Sunday, September 25, 2011
We are looking out at the wisteria draped over the pergola as it flowers for the first time this season;
The soft scent of jasmine fills the air by the picnic table, behind the Japanese maple;
And then there's lilac, lovely blowsy lilac.
The roses are covered in a russet flush of new growth;
The azelea over by the far fence has had more flowers than leaves for months;
The orange and yellow of these sunny tulips looks especially good against the blue-violets of the bluebells;
But, to be honest, I am very fond of the drifts of bluebells all on their own;
These are MIL's favourite tulips in a velvet purple-burgundy, except they are planted in a bit of an obscure patch in the garden and are not so easy to see;
And last but not least, the white clematis over the front gate is beginning to blossom to welcome visitors who walk down that path to the house.
Have a good week, everyone xx
Saturday, September 24, 2011
In other good mushroom-kit news, the right hand side of the box finally looked 'frosted' about three days ago and I have covered it over with the remaining bedding mix and it all looks nice and homogeneous now.
So, kit was first set up (well, half of it!) on September the 13th.
First potential mushrooms spotted on Sept the 22nd.
First mushrooms harvested on...?
I'll keep you posted :)
Friday, September 23, 2011
We've had a few little harvests lately:
There was a lovely big bok choy (growing in a pot with a baby plum tree).
And the experimental Greenfeast peas had enough fat pods on them to be able to cook enough for a side to dinner for three adults and a pea-'loving toddler.

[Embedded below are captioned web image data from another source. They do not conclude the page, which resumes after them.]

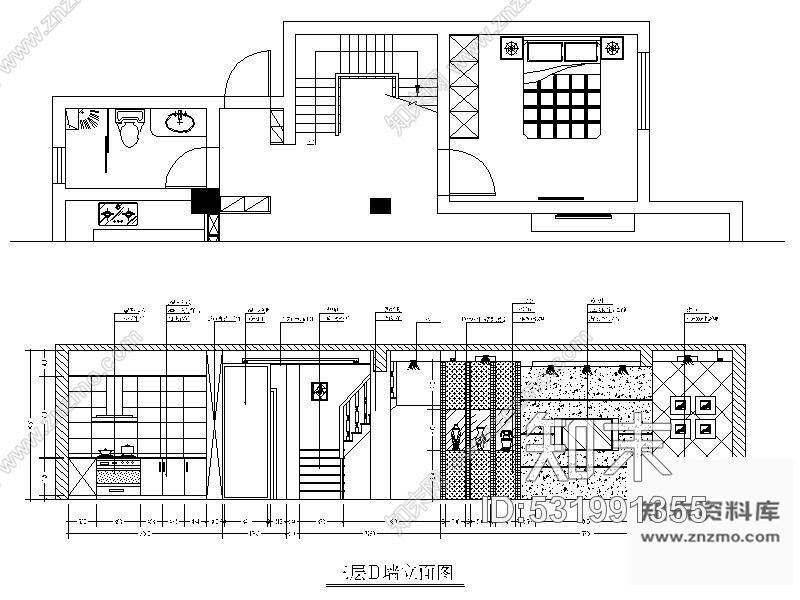 施工图浙江某三层联排别墅室内装修图施工图下载 ID:531991355_【知末网】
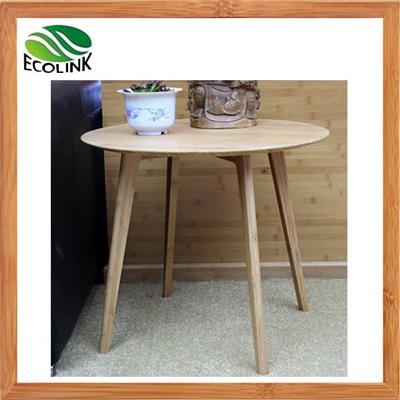 Decorator Modern Simple Bamboo Wood Round Side End Sofa Occassional Table In Natural Color
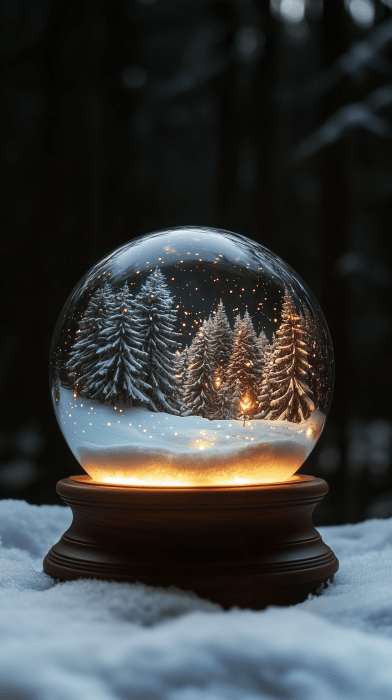 Snow Globe on Wood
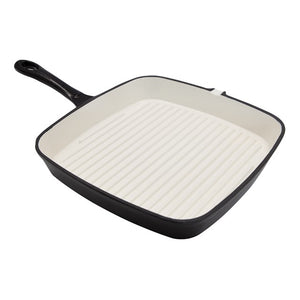 Black cast iron square griddle pan with cream ceramic interior and ridged cooking surface, 23.5cm, featuring a long black handle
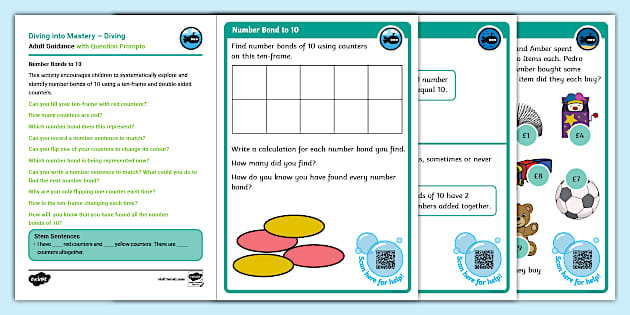 Year 1 Diving into Mastery: Step 7 Number Bonds to 10 Activity Cards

And there are more peas on their way, although the whole plot is starting to look decidedly lopsided now and I don't anticipate it will last much longer.
There were a couple of baby beetroots (not my forte, not yet anyway!)
I was going to throw all these baby beetroot leaves into a stirfry - since the actual roots were so disappointing but I accidentally left them out in the garden overnight on Monday and it absolutely bucketed down that night and the were beaten down into the ground. Still, I thought the photo was too pretty not to share; those colours! Imagine the vitamins in them!
And, as ever, the rainbow chard is still providing loads of leaves for us for no effort at all on my part. It's not quite as vibrantly coloured as it was when the weather was cooler.
We've got more fruit and veg on it's way too.
There's the Aquadulce broad beans, which are taller than my waist. I have dutifully nipped out the top buds of each plant. Apparently if you don't do this they will not set fruit, and I can say that despite all the flowers over a month ago I didn't see a single bean pod until after I'd done the nipping.
The other broad beans - Bunyard's Exhibition, that I sowed much later - are only around a foot tall but producing flowers already. Now, do I do the nipping now, or let them get taller and then nip them? I always feel like I'm making up this gardening gig as I go along!
And for months and months I have been looking at the purple pepino flowers and moaning that they were doing nothing. And then, suddenly, there are at least a dozen fruit! I theorise that the weather had to warm up enough to bring out the pollinators (feral bees, no doubt). I don't know how long they'll take to ripen, and I don't know what they'll taste like (like 'melon,' I've read), and I don't even know if we'll like them but it will be good to find out!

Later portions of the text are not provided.